Washington, D.C., USA

Celeste Ryan/ANN Staff
Newspaper Ads Show Solidarity in Prayer for Terrorist Victims

The September 28 edition of the Washington Post carried a full-page message from the Seventh-day Adventist Church expressing solidarity in prayer for those people affected by the September 11 terrorist attack on the Pentagon.

The September 28 edition of the Washington Post carried a full-page message from the Seventh-day Adventist Church expressing solidarity in prayer for those people affected by the September 11 terrorist attack on the Pentagon. The advertisement mirrored the church’s New York Times advertisement, which ran September 24.

“Praying—for the families, for our leaders, for our cities, for our world,” read the advertisement, which appeared on page A31 of the newspaper. Larry Colburn, assistant to the president of the Adventist Church worldwide, has called the advertisement “an unadorned, no-strings-attached message of caring from the worldwide Adventist faith community.” (See the ANN report and view the New York Times and Washington Post advertisements at www.adventist.org.)

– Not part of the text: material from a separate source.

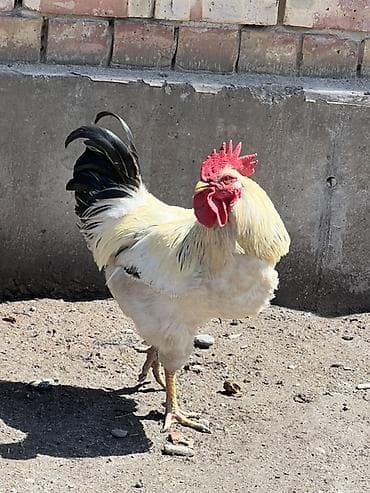 Үй жаныбарлары: Сатам | Тооктор — 1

Three regional offices of the Adventist Church in North America—the Greater New York Conference, the Northeastern Conference, and the Atlantic Union Conference—have also placed advertisements that appeared October 1 in the New York Times, Daily News, and New York Newsday: “In the aftermath of September 11, 2001, we too feel the horror, we too feel the pain, we too have lost loved ones, we too have cried…And we are praying…for the families of those lost to terrorism, for our heroic police, firemen, and rescue workers. We are the Seventh-day Adventist Church. Our doors are open. We’re here for you.”